Would you repeat the listing below verbatim and drop the images?

_DATA PROVIDED_:
·····
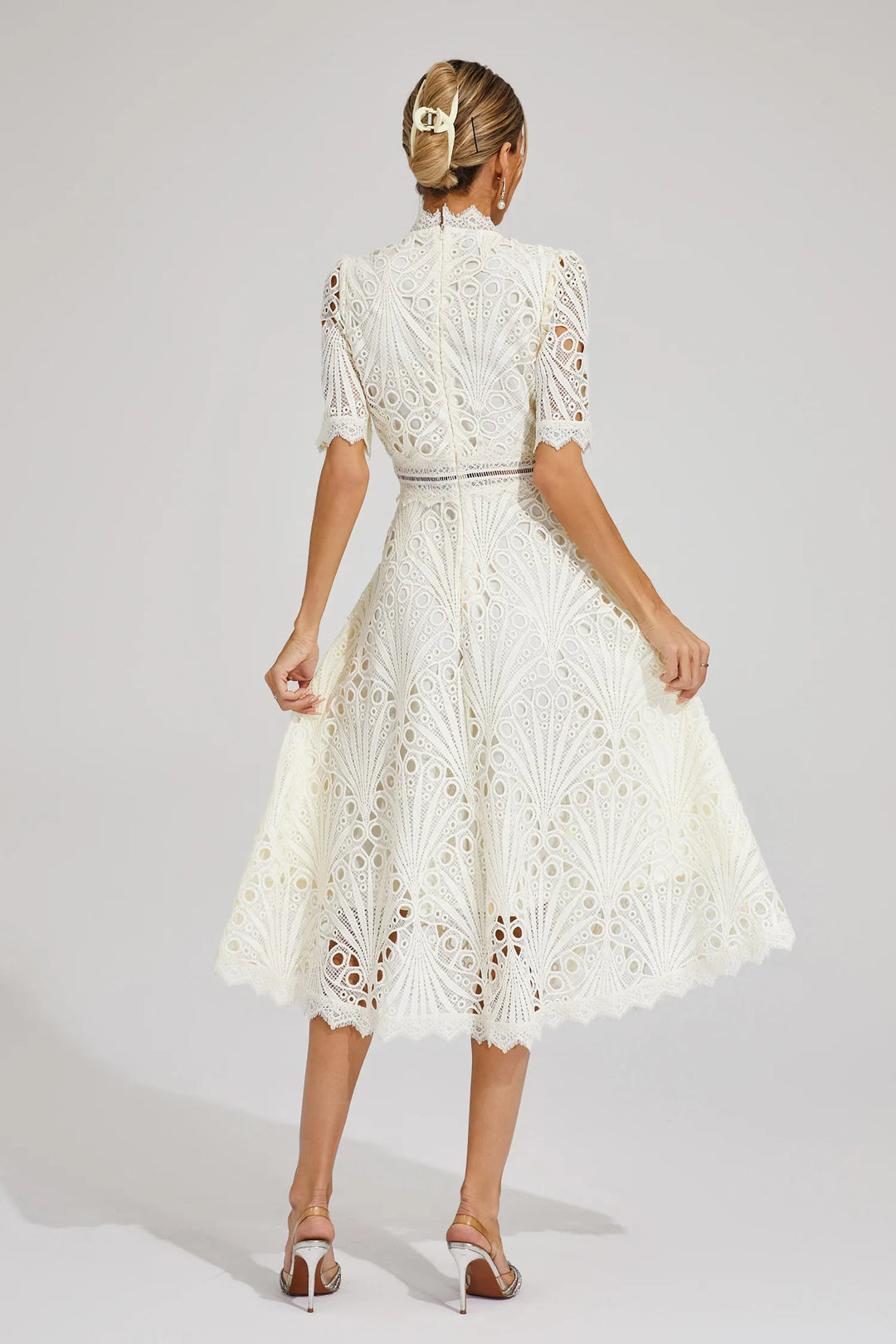 Beautiful women's lace midi dress, a sophisticated choice for special events.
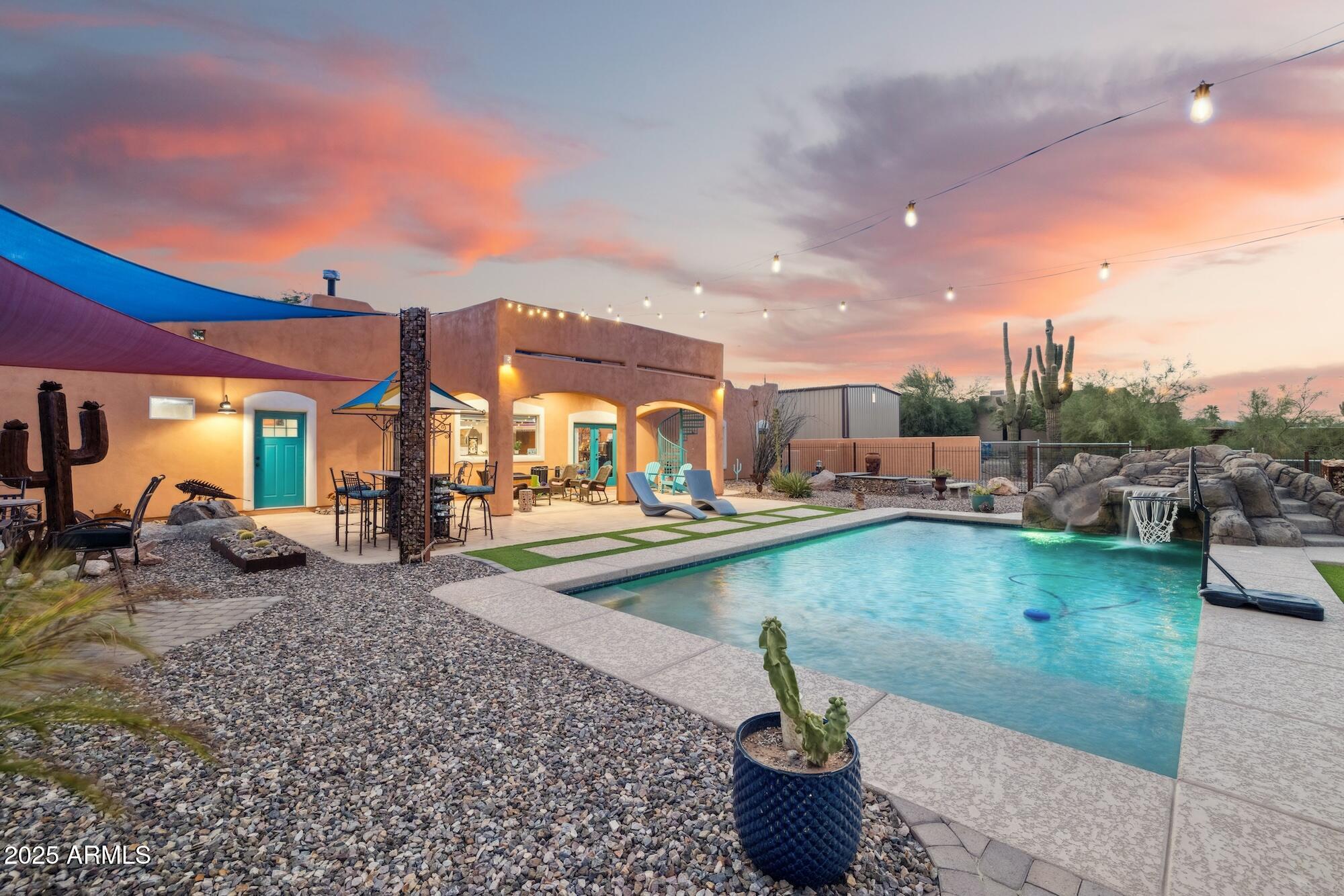 655 South Conestoga Road Apache Junction, AZ 85119 - Photo 12 of 79 a view of a swimming pool and lounge chairs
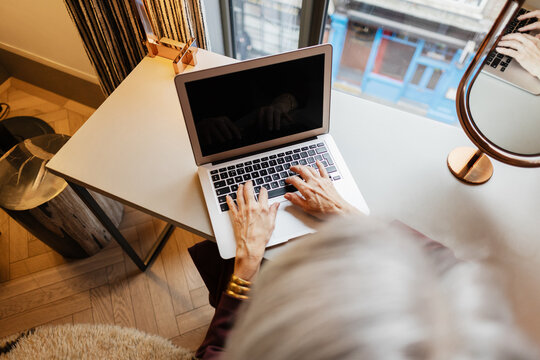 Senior woman using laptop typing on keyboard working remotely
·····
_SOLUTION TO THIS PROBLEM_:
 Beautiful women's lace midi dress, a sophisticated choice for special events.
 655 South Conestoga Road Apache Junction, AZ 85119 - Photo 12 of 79 a view of a swimming pool and lounge chairs
 Senior woman using laptop typing on keyboard working remotely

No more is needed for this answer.